Posted: Wed Jun 09, 2021 12:56 pm
by thorfdbg
vga wrote:
Enable VGA 16-bit Memory Bus Width
In graphical modes, the VGA graphics controller processes data byte-by-byte, using latches. VGA use outside 8-bit wide data bus.
In text modes, no latch registers are used.
Yes, the latches for the GDC modes. No use for them in the text mode. However, why would you need to explicitly disable them (isn't that done by switching to text mode anyhow?)

No, the VBios does not set this bit.

Re: S3 Virge VGA planar modes

Posted: Sat Jun 19, 2021 6:47 am
by vga
thorfdbg wrote:Found it! The solution of this riddle is an innocent looking bit in one of the clock control registers of the CRTC that reduces the memory access cycle count from 3 to 2. The additional cycle is required to perform the VGA "address bit shuffle"
What the index of the register?

For planar mode:
CR14 bits 5, 6 must be reset
CR17 bit 3 must be reset
CR17 bit 6 must be set
CR31 bit 3 must be reset
CR3A bit 4 must be reset
CR43 bit 3 must be reset

CRT controller must work in byte mode.

CPU memory mapping mode must be "unchained".

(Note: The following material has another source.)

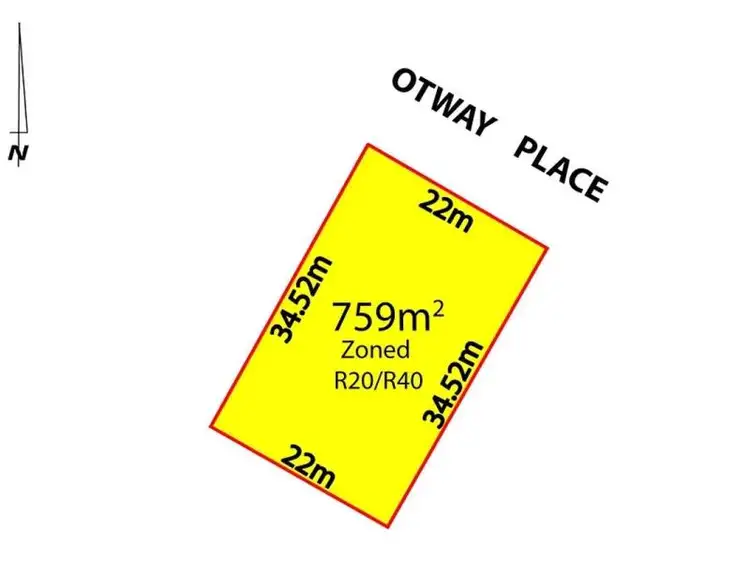 Third view of Homely house listing, 4 Otway Place, Craigie WA 6025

128K display memory available - odd/even memory mapping mode activated?

Re: S3 Virge VGA planar modes

Posted: Sat Jun 19, 2021 12:07 pm
by thorfdbg
vga wrote: What the index of the register?
None of the above. It is SR15 bit 7. I said it looks fairly innocent, but with the bit set, the graphics controller is not used and bypassed completely.